School districts are required to record the revised score on each student's permanent record. However, districts have discretion in how they apply these scores for transcripts, final class grades, class ranks, and other reports. This approach responds to concerns raised by districts regarding scores for students who graduated in 2002 and 2003. Many school districts have indicated that they do not want to be required to reevaluate class grades and ranks for students who have already graduated and would like to record new grades as pass/fail. The pass/fail option is available to districts.

James A. Kadamus, Deputy Commissioner; Office for Elementary, Middle, Secondary and Continuing Education; New York State Department of Education.

#### January 2004: Physics conversion charts

What a wonderful feeling it is to be proven right (or at least to be agreed with in a significant manner). The state department of education agrees with me that the Regents Physics Exams were unfairly graded from June 2002 to June 2003.

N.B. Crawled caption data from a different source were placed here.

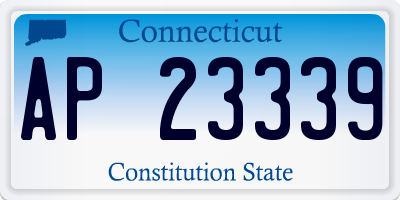 CT license plate AP23339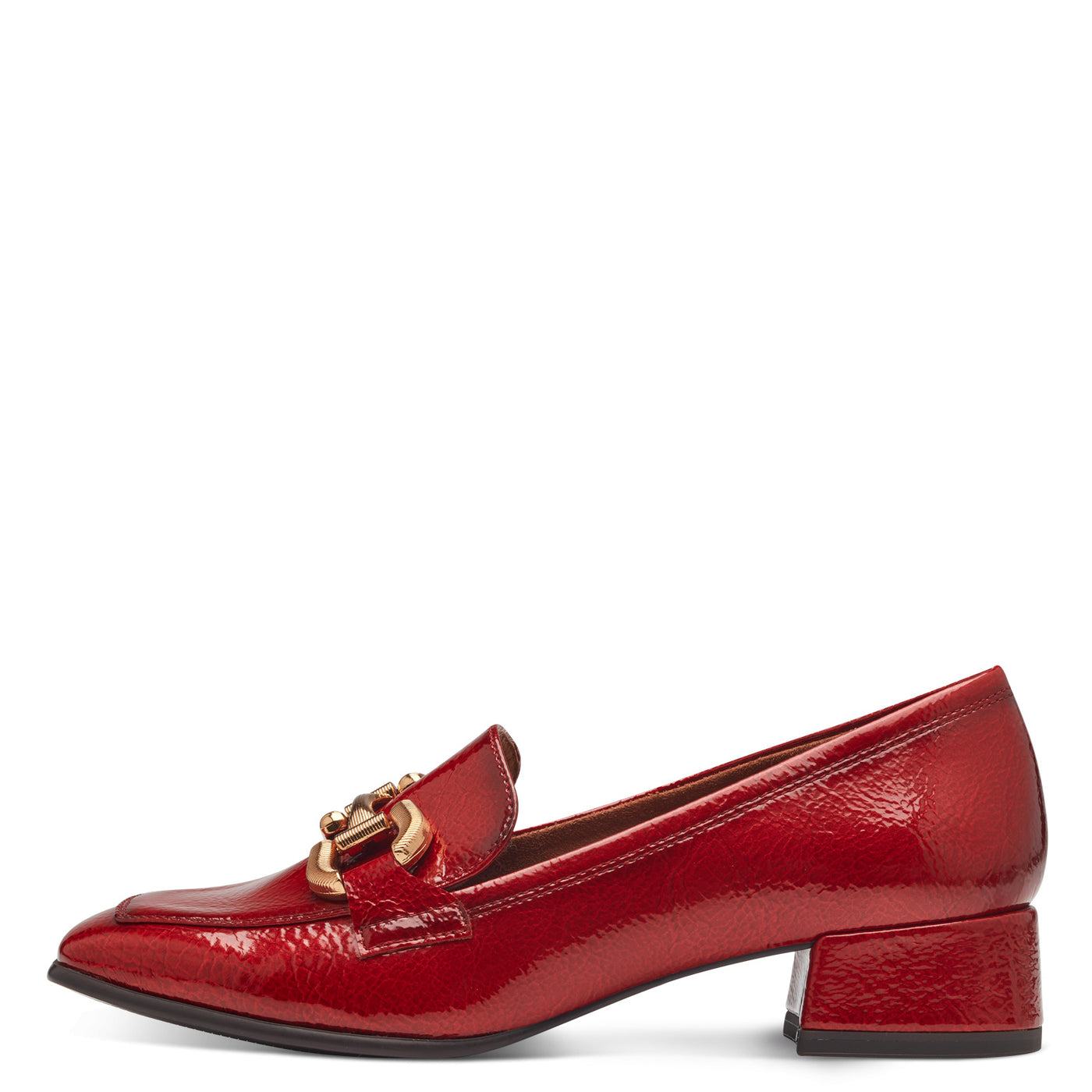 TAMARIS - 24316-500 SLIP-ON FASHION LOAFER - RED PATENT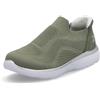 Rieker M5072, Mocassino Donna, Verde, 39 EU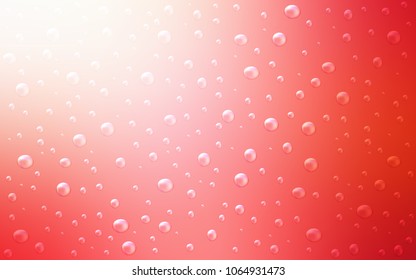 Light Red vector template with circles. Blurred decorative design in abstract style with bubbles. The pattern can be used for aqua ad, booklets.
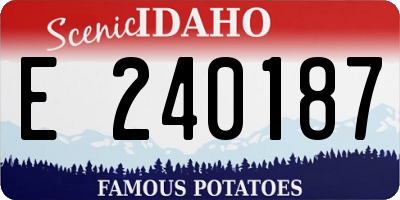 ID license plate E240187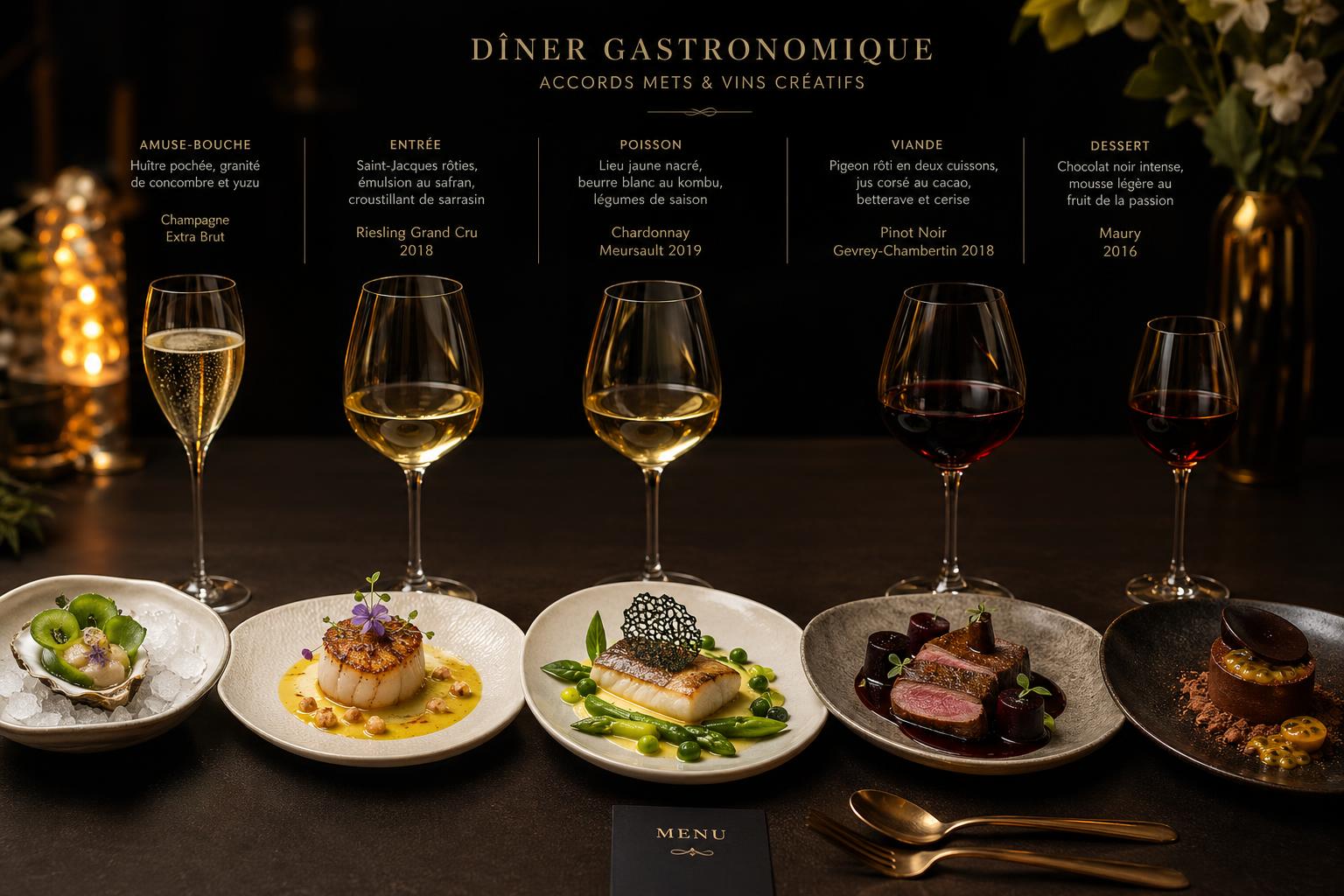 découvrez comment choisir l'accord mets et vins parfait pour sublimer vos repas et ravir vos convives grâce à nos conseils experts.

January 2004 physics conversion charts

At its October 2003 meeting, the Board of Regents accepted the policy recommendation of the Regents Work Group on Physics concerning future examinations. Accordingly, in November 2003, the Department organized a standard setting panel of 27 New York State teachers and other professionals to set new passing (65) and passing with distinction (85) scores in accordance with the Board’s directive to redefine the Regents physics course as a "first-level" high school course in physics comparable to other "first-level" high school sciences.... After the standard setting process, the Department, in consultation with psychometric contractors, established the new conversion charts for the June and August 2002 and January and June 2003 examinations.

James A. Kadamus, Deputy Commissioner; Office for Elementary, Middle, Secondary and Continuing Education; New York State Department of Education.